13th Floor Elevators

Journey to the Center of Your Heart & Mind (The Amboys vs. the Elevators)

Amazing song, huh?  That’s a young Ted Nugent playing guitar there.

Here are the lyrics of said song:

 

 Amboy Dukes The – Journey To The Center Of The Mind 

Leave your cares behind
Come with us and find
The pleasures of a journey to the center of the mind      

(CHORUS)
Come along if you care
Come along if you dare
Take a ride to the land inside of your mind
Beyond the seas of thought
Beyond the realm of what
Across the streams of hopes and dreams 
Where things are really not

But please realize
Youll probably be surprised
For it’s the land unknown to man
Where fantasy is fact
So if you can, please understand
You might not come back

(CHORUS)

How happy life could be
If all of mankind
Would take the time to journey to the center of the mind
Would take the time to journey to the center of the mind
Center of the mind

***********************************

      So, you know what this song is talking about, right?  Pretty clear, no, at this late date?  Funny, thing, when I heard this song in the early 80s (on Philly stations WYSP and WMMR), I had no idea what it was about.  I liked the song, but it sounded like it was just a cool science fiction/fantasy piece.  I heard it enough times back then to not forget it, so they must have played it quite a bit.  

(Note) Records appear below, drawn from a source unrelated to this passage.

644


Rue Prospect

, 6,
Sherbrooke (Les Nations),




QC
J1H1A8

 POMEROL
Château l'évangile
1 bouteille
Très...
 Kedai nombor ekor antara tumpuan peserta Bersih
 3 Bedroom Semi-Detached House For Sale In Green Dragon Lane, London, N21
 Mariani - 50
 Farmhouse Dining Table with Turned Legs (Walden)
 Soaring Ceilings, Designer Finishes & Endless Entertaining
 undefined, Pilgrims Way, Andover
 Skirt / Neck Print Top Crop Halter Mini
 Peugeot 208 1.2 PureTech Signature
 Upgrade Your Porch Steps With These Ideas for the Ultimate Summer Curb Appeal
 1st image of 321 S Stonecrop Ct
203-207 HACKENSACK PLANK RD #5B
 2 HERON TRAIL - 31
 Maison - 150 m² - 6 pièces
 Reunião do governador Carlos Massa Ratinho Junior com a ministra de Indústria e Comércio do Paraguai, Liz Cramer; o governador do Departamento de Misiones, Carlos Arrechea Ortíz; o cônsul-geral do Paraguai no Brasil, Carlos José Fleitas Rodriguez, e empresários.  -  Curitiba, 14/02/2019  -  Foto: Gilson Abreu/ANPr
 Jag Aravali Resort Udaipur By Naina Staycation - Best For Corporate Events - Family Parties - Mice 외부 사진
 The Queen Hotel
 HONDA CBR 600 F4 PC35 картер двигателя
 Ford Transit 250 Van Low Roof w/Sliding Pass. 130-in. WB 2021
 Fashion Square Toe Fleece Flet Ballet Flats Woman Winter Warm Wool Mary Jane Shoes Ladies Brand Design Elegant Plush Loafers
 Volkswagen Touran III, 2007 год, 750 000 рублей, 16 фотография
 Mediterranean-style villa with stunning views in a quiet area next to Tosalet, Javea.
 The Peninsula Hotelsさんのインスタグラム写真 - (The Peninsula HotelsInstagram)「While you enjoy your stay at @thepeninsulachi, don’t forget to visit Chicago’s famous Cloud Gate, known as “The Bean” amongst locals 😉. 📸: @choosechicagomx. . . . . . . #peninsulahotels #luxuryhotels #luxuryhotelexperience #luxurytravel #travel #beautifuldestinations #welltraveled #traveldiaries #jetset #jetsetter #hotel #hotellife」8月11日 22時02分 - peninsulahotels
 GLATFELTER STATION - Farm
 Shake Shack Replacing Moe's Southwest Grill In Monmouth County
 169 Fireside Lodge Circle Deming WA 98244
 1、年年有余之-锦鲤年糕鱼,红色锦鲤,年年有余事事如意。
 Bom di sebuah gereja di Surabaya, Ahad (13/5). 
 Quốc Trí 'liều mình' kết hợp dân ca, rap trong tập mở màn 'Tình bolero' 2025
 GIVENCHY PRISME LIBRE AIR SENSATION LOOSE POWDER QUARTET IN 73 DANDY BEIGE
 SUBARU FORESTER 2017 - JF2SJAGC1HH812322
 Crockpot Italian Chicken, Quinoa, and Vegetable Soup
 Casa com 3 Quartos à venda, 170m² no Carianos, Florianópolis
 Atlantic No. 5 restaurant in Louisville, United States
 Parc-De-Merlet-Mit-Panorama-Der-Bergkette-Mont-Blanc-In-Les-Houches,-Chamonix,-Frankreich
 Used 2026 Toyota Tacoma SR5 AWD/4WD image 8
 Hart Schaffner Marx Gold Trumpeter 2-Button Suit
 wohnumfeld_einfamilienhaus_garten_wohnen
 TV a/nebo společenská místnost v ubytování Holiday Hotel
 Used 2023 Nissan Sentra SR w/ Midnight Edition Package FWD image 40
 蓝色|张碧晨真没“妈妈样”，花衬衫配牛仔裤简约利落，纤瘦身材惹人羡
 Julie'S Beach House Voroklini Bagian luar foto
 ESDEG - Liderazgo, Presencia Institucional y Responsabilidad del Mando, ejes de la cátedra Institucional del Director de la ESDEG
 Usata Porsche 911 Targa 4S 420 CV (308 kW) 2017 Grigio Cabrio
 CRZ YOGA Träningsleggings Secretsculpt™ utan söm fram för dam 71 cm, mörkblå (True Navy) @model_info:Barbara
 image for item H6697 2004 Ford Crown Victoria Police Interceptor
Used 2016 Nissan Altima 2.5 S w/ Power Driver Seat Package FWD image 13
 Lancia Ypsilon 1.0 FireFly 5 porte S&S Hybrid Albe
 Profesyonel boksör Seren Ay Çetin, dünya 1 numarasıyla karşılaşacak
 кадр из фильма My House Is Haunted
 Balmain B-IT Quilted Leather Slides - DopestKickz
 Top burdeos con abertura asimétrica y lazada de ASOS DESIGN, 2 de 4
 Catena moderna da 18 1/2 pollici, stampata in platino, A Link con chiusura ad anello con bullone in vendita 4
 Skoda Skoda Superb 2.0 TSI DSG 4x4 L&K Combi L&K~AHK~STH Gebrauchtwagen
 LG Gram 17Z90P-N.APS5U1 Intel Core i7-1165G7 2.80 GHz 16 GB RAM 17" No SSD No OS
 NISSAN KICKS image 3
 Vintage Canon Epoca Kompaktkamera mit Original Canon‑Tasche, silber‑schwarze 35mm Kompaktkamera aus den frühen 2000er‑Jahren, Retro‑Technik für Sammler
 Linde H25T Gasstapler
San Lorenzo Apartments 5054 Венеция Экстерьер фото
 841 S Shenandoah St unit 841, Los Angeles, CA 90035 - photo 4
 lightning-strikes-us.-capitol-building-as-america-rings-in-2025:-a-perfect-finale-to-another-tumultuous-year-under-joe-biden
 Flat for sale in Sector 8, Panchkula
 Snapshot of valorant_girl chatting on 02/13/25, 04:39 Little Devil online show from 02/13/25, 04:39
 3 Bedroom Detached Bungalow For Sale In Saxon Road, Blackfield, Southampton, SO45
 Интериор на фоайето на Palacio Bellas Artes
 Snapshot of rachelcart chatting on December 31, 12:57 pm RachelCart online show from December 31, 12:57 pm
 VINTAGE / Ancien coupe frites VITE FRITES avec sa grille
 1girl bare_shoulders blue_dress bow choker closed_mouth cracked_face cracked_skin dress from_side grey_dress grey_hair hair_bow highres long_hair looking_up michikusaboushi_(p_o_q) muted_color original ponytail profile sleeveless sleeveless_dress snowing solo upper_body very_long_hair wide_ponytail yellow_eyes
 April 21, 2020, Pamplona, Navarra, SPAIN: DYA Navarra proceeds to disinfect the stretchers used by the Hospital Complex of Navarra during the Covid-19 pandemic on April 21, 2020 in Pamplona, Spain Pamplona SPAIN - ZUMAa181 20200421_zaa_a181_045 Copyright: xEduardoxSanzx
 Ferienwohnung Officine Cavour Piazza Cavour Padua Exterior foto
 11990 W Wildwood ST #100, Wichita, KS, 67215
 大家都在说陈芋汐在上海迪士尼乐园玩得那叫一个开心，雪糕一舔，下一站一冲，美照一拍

       Anyway, what’s even funnier is that Ted Nugent himself claims he also had no idea what the song was about (!)   Here’s a brief excerpt from an interview done by Allan Vorda with him:

           ” Do you want to know the most amazing thing in the world? When we put out Journey to the Center of the Mind in 1968 it had that pipe collection on the front cover and I didn’t have the faintest idea what those pipes were all about! Everybody else was getting stoned and trying every drug known to mankind. I was meeting women, playing rock and roll, and meeting girls. I didn’t have the faintest idea about dope. I didn’t know anything about this cosmic inner probe. I thought “Journey to the Center of the Mind” meant look inside yourself, use your head, and move forward in life.”

AV: But you co-wrote the song.     

TN: I wrote the music. He wrote all the lyrics.”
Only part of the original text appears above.